DATASET>

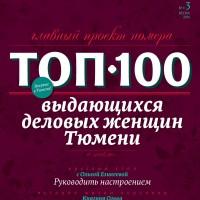 tmn Woman Осень 2013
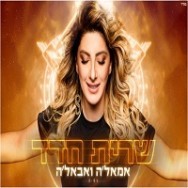 אמאל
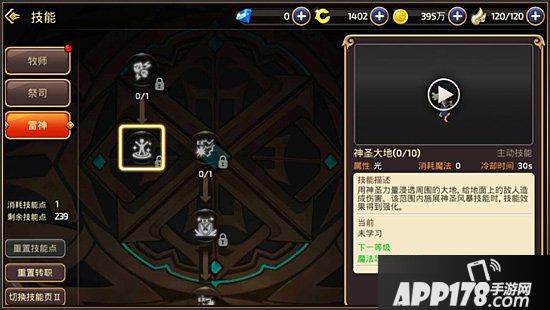 龙之谷手游雷神技能详解 雷神技能介绍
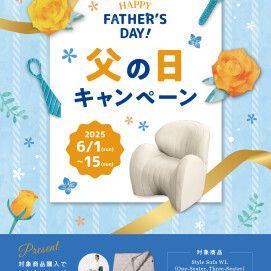 『父の日キャンペーン』 　開催します！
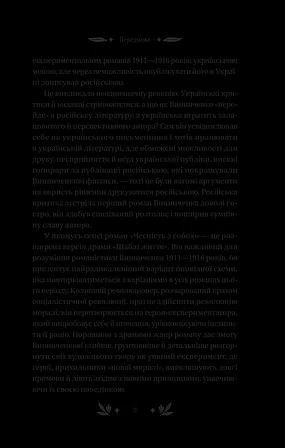 Photo of Рівновага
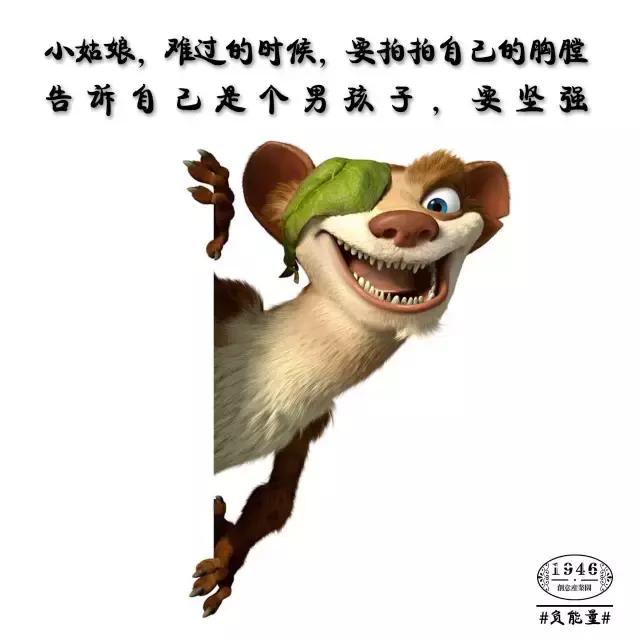 迷茫的时候静静下心来好好学习,哪些话能够让人摆脱负能量和迷茫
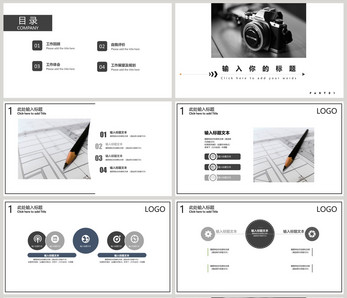 相机产品发布PPT模板ppt文档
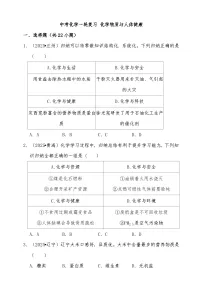 备考2026年中考化学一轮复习 化学物质与人体健康练习（含解析）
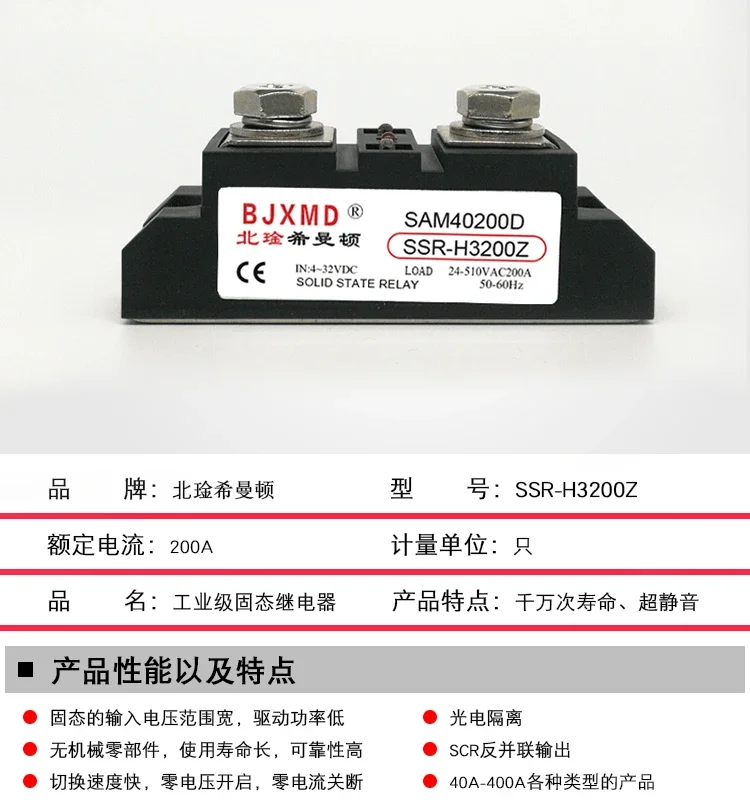 

40200D H3200ZF Твердотельное реле H3300ZDH3120ZF 400A150A120A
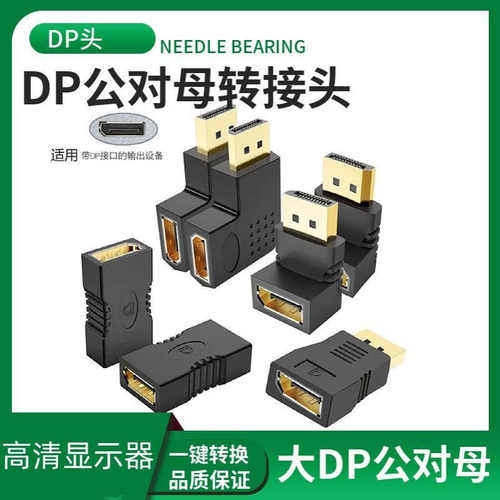 L型弯头270度大DP公转母DP公转显示器转接头displayport高清转接
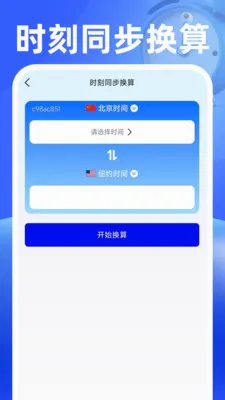 ��������������ֻ���v1.0.2 ��Ѱ��ͼ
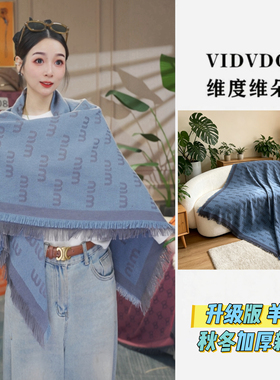维度维朵【新款小m】四季空调毯车用午睡披肩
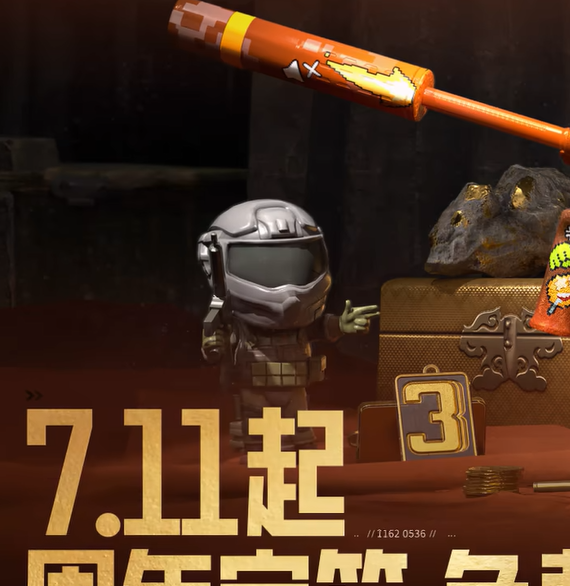 暗区突围三周年活动怎么玩？深入解析手游攻略必备技巧！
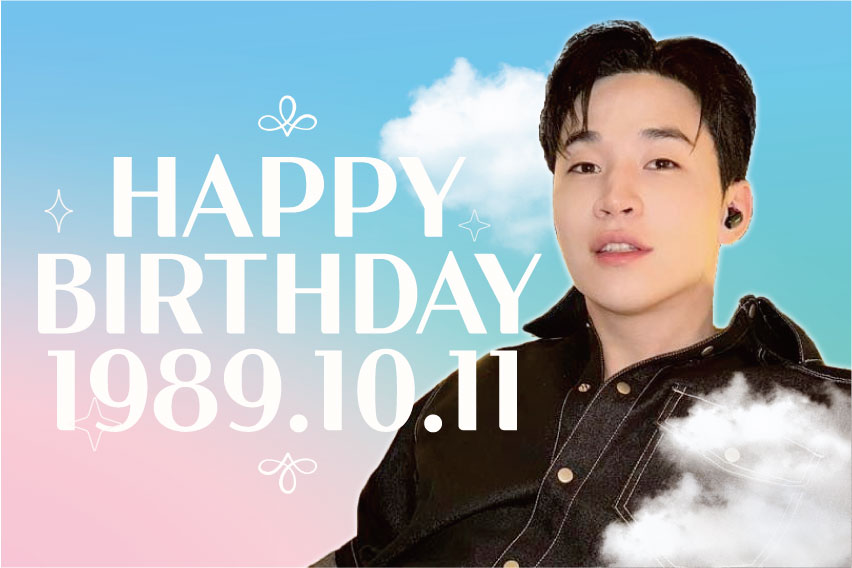 WIenge6605's tweet photo. 헨리의 생일 전광판을 시행합니다
많은 참여부탁드려요~

#HENRYLAU
#HENRY #헨리 #헨리라우

https://t.co/kN0JPAVJ4H https://t.co/GQPY0E009p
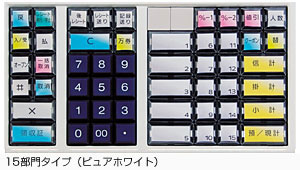 東芝テック電子レジスター MA-500-15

WORK INSTRUCTIONS> Pictures stay out; retype only the lines from the line containing "WIenge6605's tweet photo. 헨리의 생일 전광판을 시행합니다" through the end of the listing, inclusive, exactly as they appear.

RESULT OF THE TASK>
 WIenge6605's tweet photo. 헨리의 생일 전광판을 시행합니다
많은 참여부탁드려요~

#HENRYLAU
#HENRY #헨리 #헨리라우

https://t.co/kN0JPAVJ4H https://t.co/GQPY0E009p
 東芝テック電子レジスター MA-500-15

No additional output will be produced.